我正在尝试使用MurmurHash3哈希函数编写Bloom过滤器的C ++实现。我的实施基于以下网站:http://blog.michaelschmatz.com/2016/04/11/how-to-write-a-bloom-filter-cpp/
不知何故,在我的BloomFilter头文件中,hash函数抛出了一个不完整的类型错误,当我在add函数中使用hash函数时,我得到一个“hash is ambigious error”。
我该怎么做才能解决这个问题?我对C ++有些新意,所以我不确定我是否正确使用了结构的接口/实现。

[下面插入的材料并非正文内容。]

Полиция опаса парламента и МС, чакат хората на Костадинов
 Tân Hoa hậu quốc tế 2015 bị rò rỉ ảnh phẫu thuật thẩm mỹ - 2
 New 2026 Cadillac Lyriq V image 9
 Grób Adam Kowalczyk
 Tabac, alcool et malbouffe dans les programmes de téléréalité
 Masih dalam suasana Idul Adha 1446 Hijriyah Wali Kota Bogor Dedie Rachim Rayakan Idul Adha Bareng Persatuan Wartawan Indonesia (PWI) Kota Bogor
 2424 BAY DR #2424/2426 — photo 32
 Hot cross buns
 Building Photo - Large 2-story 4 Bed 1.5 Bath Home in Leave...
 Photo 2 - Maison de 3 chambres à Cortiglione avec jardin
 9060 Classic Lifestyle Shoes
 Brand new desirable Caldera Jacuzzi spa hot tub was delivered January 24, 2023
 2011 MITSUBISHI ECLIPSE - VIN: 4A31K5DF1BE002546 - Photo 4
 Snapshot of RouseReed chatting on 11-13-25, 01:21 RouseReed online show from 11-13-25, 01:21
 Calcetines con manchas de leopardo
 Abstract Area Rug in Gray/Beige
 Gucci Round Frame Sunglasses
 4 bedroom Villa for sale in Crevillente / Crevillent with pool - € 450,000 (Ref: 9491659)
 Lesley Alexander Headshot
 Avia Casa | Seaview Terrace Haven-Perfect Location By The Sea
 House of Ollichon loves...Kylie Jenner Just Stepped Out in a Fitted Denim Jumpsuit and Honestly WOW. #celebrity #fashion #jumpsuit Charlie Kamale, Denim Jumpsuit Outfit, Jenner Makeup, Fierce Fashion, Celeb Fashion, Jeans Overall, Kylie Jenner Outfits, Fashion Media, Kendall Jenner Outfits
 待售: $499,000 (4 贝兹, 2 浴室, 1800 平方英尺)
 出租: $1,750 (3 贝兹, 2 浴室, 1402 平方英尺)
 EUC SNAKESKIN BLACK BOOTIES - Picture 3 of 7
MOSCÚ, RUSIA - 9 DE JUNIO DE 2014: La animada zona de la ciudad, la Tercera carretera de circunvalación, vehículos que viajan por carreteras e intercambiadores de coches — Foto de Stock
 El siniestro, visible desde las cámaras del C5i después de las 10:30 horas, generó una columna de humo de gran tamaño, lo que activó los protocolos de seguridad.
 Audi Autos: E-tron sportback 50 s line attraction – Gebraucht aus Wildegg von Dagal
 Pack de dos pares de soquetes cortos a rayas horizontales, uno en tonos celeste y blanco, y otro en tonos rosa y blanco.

我还使用了一个包含此文件的main函数,并运行一些测试来分析误报率,位数,过滤器大小等。 。 。
#ifndef BLOOM_FILTER_H
#define BLOOM_FILTER_H
#include "MurmurHash3.h"
#include <vector>
//basic structure of a bloom filter object
struct BloomFilter {
BloomFilter(uint64_t size, uint8_t numHashes);
void add(const uint8_t *data, std::size_t len);
bool possiblyContains(const uint8_t *data, std::size_t len) const;
private:
uint8_t m_numHashes;
std::vector<bool> m_bits;
};
//Bloom filter constructor
BloomFilter::BloomFilter(uint64_t size, uint8_t numHashes)
: m_bits(size),
m_numHashes(numHashes) {}
//Hash array created using the MurmurHash3 code
std::array<uint64_t, 2> hash(const uint8_t *data, std::size_t len)
{
std::array<uint64_t, 2> hashValue;
MurmurHash3_x64_128(data, len, 0, hashValue.data());
return hashValue;
}
//Hash array created using the MurmurHash3 code
inline uint64_t nthHash(uint8_t n,
uint64_t hashA,
uint64_t hashB,
uint64_t filterSize) {
return (hashA + n * hashB) % filterSize;
}
//Adds an element to the array
void BloomFilter::add(const uint8_t *data, std::size_t len) {
auto hashValues = hash(data, len);
for (int n = 0; n < m_numHashes; n++)
{
m_bits[nthHash(n, hashValues[0], hashValues[1], m_bits.size())] = true;
}
}
//Returns true or false based on a probabilistic assesment of the array using MurmurHash3
bool BloomFilter::possiblyContains(const uint8_t *data, std::size_t len) const {
auto hashValues = hash(data, len);
for (int n = 0; n < m_numHashes; n++)
{
if (!m_bits[nthHash(n, hashValues[0], hashValues[1], m_bits.size())])
{
return false;
}
}
return true;
}
#endif
答案 0 :(得分:4)
如果你的MurmurHash3_x64_128返回两个64位数字作为哈希值,我会把它当作4个不同的uint32_t哈希值,只要你的位串不需要超过40亿位。最有可能的是,您不需要超过2-3个散列,但这取决于您的用例。要弄清楚您需要多少哈希,可以查看"How many hash functions does my bloom filter need?"。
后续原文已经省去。